There are two things in the Harry Potter movie series regarding wand use that I found to be humorous:
1) the way Lord Voldemort holds his wand kind of skinny in Goblet of Fire. Tentatively, using all five of his long fingers, but barely grasping it. That was done perfectly.
2) When one wizard threatens another, they always hold the point of the wand close to the other's throat, as if it were a sharp knife or switchblade. Since a) the point of a wand is not sharp, and b) several much more painful curses can be performed from a longer range, this is completely unnecessary in my opinion. Back to pigskin.

If the DTLs go out and underperform on Saturday, the cliche that the squawking heads in the sports media will probably use is, "oh, they were just happy to be there in the first place". To some degree, this is true, at least from a fan's perspective. I haven't been able to watch Lions playoff football in quite a long time, and I'm very excited that I'll have the chance this weekend. I don't harbor any wet dreams of winning the Super Bowl, at least not this year, especially with the vicious schedule moving forward (all roads seem to go through Green Bay at this point). However, I think our Bromothymols have the firepower to hang around with anybody, and this should make for a very compelling shot at redemption on Saturday.

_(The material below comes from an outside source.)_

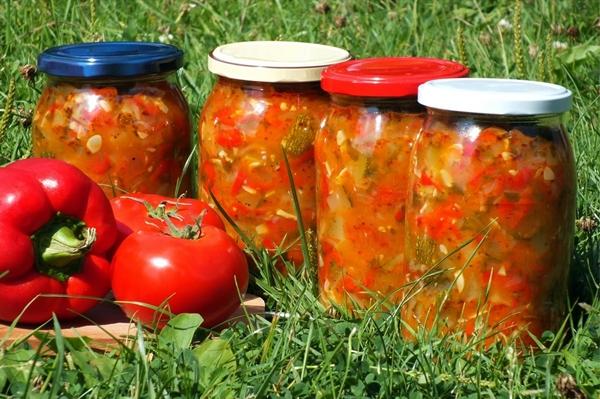 เลโชแตงกวาและมะเขือเทศ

I will certainly be wearing my new B.Sanders throwback jersey to work tomorrow.

As Pops says while reaching the crest of every roller coaster at Cedar Point, "Here we gooo, babbbeeyyy!!!"

2 comments:

  1. Michael Rosenberg can suck one.

    Also, recall how Voldemort handled the murder of Snape. Slashed his throat and let him painstakingly endure several attacks by Nagini. Subtract the death acceleration by Nagini and a throat slash is a pretty undesirable way to die.

    I'll get atcha about the football aspect of the blog once I stop seething over Rosenberg.